But in a way this is all about modelling the known unknowns not the black swan events where the past is no guide to the present. once your retirement time horizon is increased from 30 years to 45 years the odds of such an event goes up to - I'm not sure if it is linear increase in risk with time or actually exponential.I think....1 -
harlequinnyc said:My current thought is that I am going to tough it out at work for another 7 months and hand my notice in the week before my 51st birthday. Those months will top up our savings a bit more, giving us enough to live on (husband still working and happy to continue) to see us through to my DB pension at 55; thought then is to take my lump sum to live on and maybe leave my pension where it is until later?. Not sure whether to exchange the max I can of £1 pension for £12 extra on lump (it would still be tax free, right?). This will see us through to SPA. Our future plan is to sell our house at around (very approximate) age 75-80 and move into rented accommodation, as we have no dependents, therefore freeing up more cash to live on. I also have access, should I need any, to an inheritance but honestly, so confused whether to leave this alone in case it may needed to pay for care, or be spending and getting enjoyment out of it now (I do have the parents blessing to use this btw). Any thoughts/advice? Am I missing anything, as it does all maybe seem a bit simple and too good to be true? I've done the SP forecast, I have 35 years full NI contributions, which it is saying is 3 years short of the full SP; which I can live with. I do not think I can put another 3 years of work in for a few more pounds of SP.
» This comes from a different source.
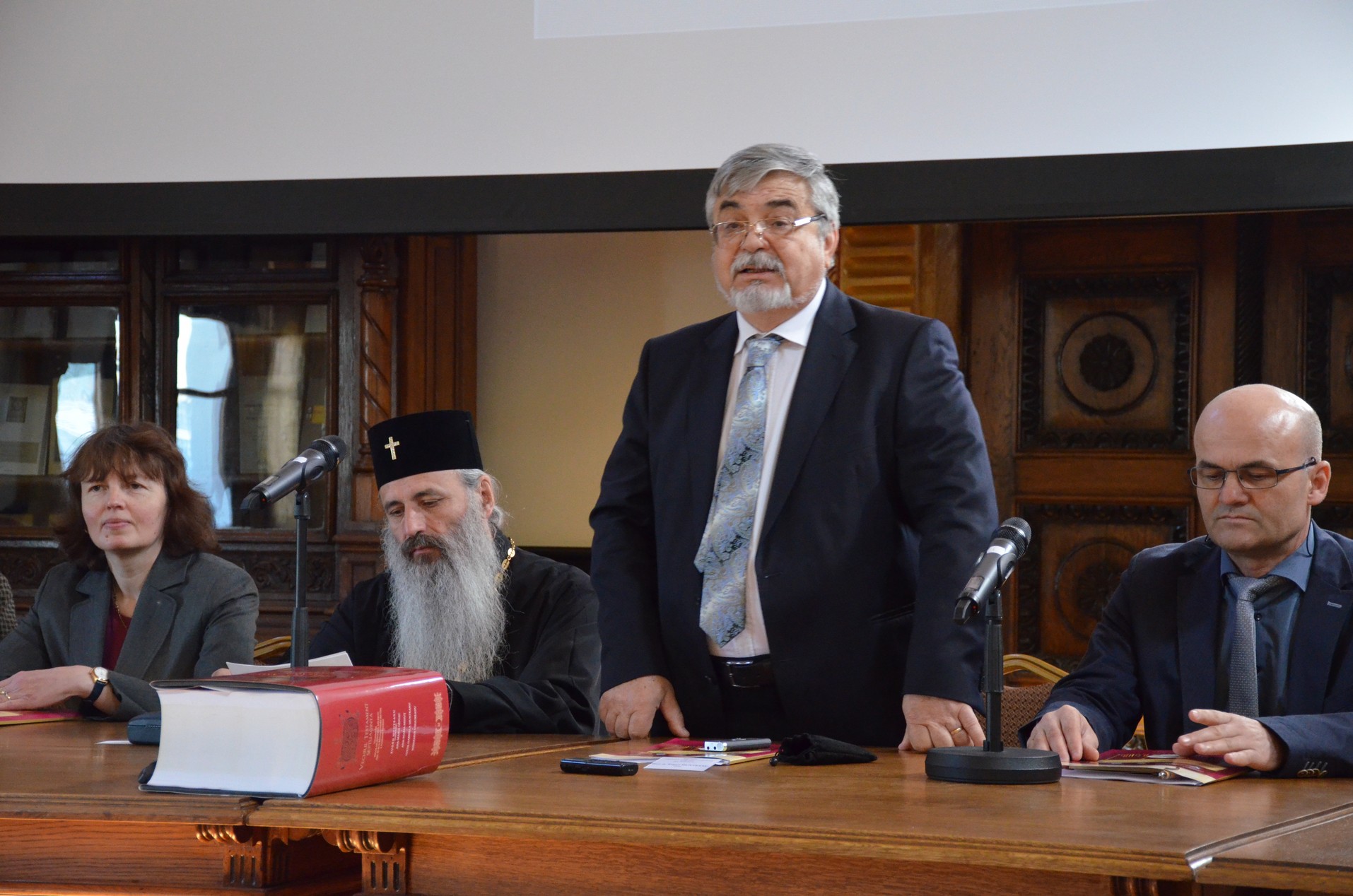 A debutat cea de-a VII-a ediţie a Simpozionului Naţional „Explorări în tradiţia biblică românească şi europeană“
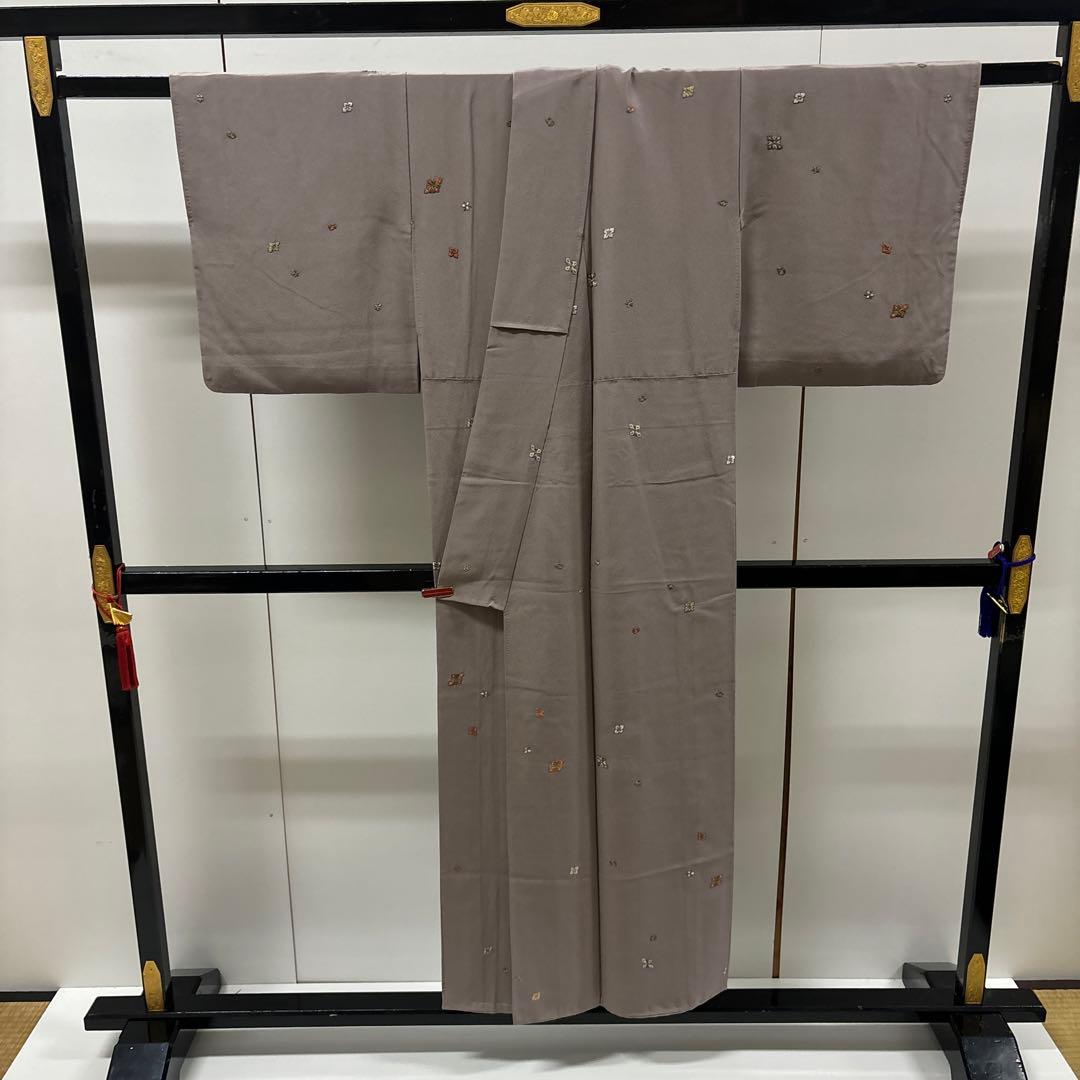 椛 様　AK-3949 総刺繍 飛び柄 スモールサイズ 小紋 正絹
Only other question is when I let my boss know of this plan? The naughty me says meh, give him 4 weeks notice, he hasn't done you any favours. The kind me says give him around 3 months forewarning, as I do think he will struggle to find a replacement in four weeks.
Can you take your lump sum without taking your annual pension? Not sure this is possible with most schemes.
Have you considered living off savings/ inheritance so not giving up guaranteed annual pension inflation increase.
Have you factored on the effects of inflation of taking your full 12/1 Commutation at 51. I found it really useful doing spreadsheets of the difference scenarios a) taking max lump sum b) taking normal lump sum to compare the difference by 67.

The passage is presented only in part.